他想起三年前那个雨夜,想起王伯胸口那个拳头大的窟窿,想起张屠户被剖开的腹部,想起那些散落在血泊中的残肢。他想起清玄子说过,那头尸妖修炼了百年,已经凝出了妖丹。
百年道行,凝出妖丹。
而自己,不过修炼了三年,连凝丹期都还没踏入。
“不能。”林默终于开口,声音平静得不像一个十八岁的青年,“弟子现在的实力,恐怕连尸妖的一招都接不住。”
清玄子转过身来,目光中带着几分赞许:“你能认清这一点,为师很欣慰。修行之人最怕的不是资质不够,而是眼高手低,不自量力。你能在三年苦修之后仍然保持清醒的头脑,说明你的心性确实适合走这条路。”

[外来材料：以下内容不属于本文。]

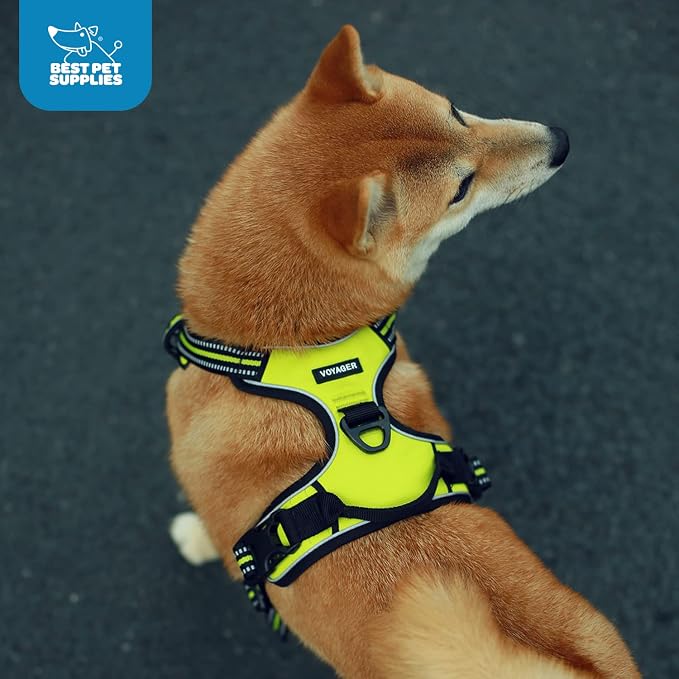 Voyager Dual Attachment No Pull Harness - Turquoise, Medium | 20 - 25" in Chest, No Pull Dog Harness, Fully Adjustable, 3M Reflective Technology, Front & Back D-Rings, Walking & Training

他走回蒲团前坐下,继续道:“三年前为师说三年之内让你拥有斩杀尸妖的实力,其实是有意夸大了。那尸妖修炼百年,又吞噬了噬魂珠碎片的一部分力量,实力远非普通妖丹期的妖兽可比。别说你一个筑基期的弟子,就是为师亲自出手,也不敢说有十足的把握能斩它。”
林默的眉头微微皱起,但没有说话。
“为师之所以这么说,是为了给你一个目标,一个动力。”清玄子叹了口气,“仇恨是世间最强大的动力之一,但也是最危险的。三年过去了,为师想看看,你心中的仇恨是随着时间淡化了,还是越积越深,蒙蔽了你的理智。”
“弟子……”林默张了张嘴,一时不知该说什么。
清玄子摆摆手,示意他不用急着回答:“默儿,为师不是要你放下仇恨。血海深仇,岂是说放下就能放下的?为师只是希望你不要被仇恨冲昏了头脑。报仇是目的,但不是你修行的全部意义。如果你活着的唯一目的就是报仇,那么报了仇之后呢?你又该何去何从?”
林默愣住了。
他从未想过这个问题。三年了,他的脑子里只有一个念头——变强,找到尸妖,杀了它,替全村人报仇。这个念头支撑着他度过了一个又一个寒冷的夜晚,支撑着他一遍又一遍地重复那些枯燥的剑招。他从来没有想过,报了仇之后自己该做什么。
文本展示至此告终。